Posted Oct 26, 2014 20:01 UTC (Sun)
by thestinger (guest, #91827)
[Link]
The futex vulnerability can be walled off by a good system call filter because it requires flags that aren't usually necessary. A whitelist operating solely at a system call level is too coarse. For example, it will end up permitting *all* `ioctl` operations just because it was used FIOCLEX was set on a file descriptor (nginx does this).
The futex vulnerability was a Chromium sandbox bypass because they build the rules by hand and miss most opportunities to use parameter filters. It would have been prevented if the rules were created by profiling the necessary calls and flag parameters.
It's not a panacea, but seccomp can cut down the kernel attack surface quite a bit when it's tightly integrated into an application. It's much less useful externally because it has to permit everything needed by the dynamic linker and application start-up. It also can't take advantage of security boundaries within the application.
Posted Oct 24, 2014 9:08 UTC (Fri)
by Lionel_Debroux (subscriber, #30014)
[Link] (5 responses)
Another way to block most recent public kernel exploits is PaX's good old set of features, including but not limited to UDEREF. UDEREF-enabled kernels do not blissfully dereference arbitrary operations structures from user-space, and execute arbitrary user-space functions as a result.
Posted Oct 24, 2014 14:58 UTC (Fri)
by luto (guest, #39314)
[Link] (2 responses)
I expect that this will make exploits harder to write, but not impossible, and we'll see a variety of new techniques to exploit kernel bugs. At least NULL pointer dereferences will finally stop being exploitable.
Hmm.

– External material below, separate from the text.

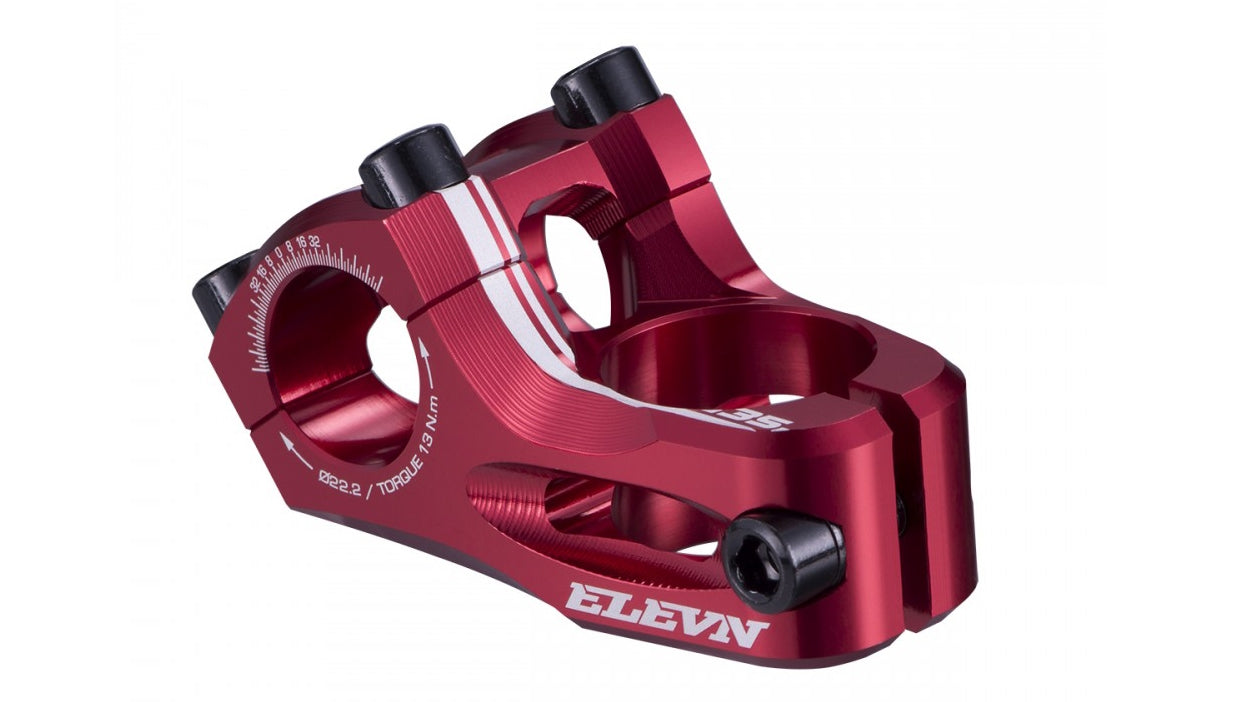 Potencia Elevn OverBite (1 1/8" 22,2 mm)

Has anyone ever tried using PCID to do something like UDEREF at lower cost?
Posted Oct 24, 2014 15:24 UTC (Fri)
by Lionel_Debroux (subscriber, #30014)
[Link]
Even on a processor with SMAP support, techniques to exploit kernel bugs won't necessarily be new... among other useful changes, PaX/grsecurity contains protections against a variety of techniques which work on mainline :)
AFAICS, modern versions of PaX do use PCID and INVPCID, even outside #if defined(CONFIG_X86_64) && defined(CONFIG_PAX_MEMORY_UDEREF) / #endif blocks.
Posted Oct 24, 2014 15:29 UTC (Fri)
by PaXTeam (guest, #24616)
[Link]
define extremely ;). a recent real life use case (smtp+clamav at 100Mbps) saw an impact of <16% on opteron but their kernel also included two other performance killer features, SANITIZE and STACKLEAK.
> On Broadwell, though, kernel.org kernels do more or less the same thing at little cost.
SMAP is strictly less than UDEREF but it can be massaged into something more useful with some extra work.
> I expect that this will make exploits harder to write, but not impossible, and we'll see a variety of new techniques to exploit kernel bugs.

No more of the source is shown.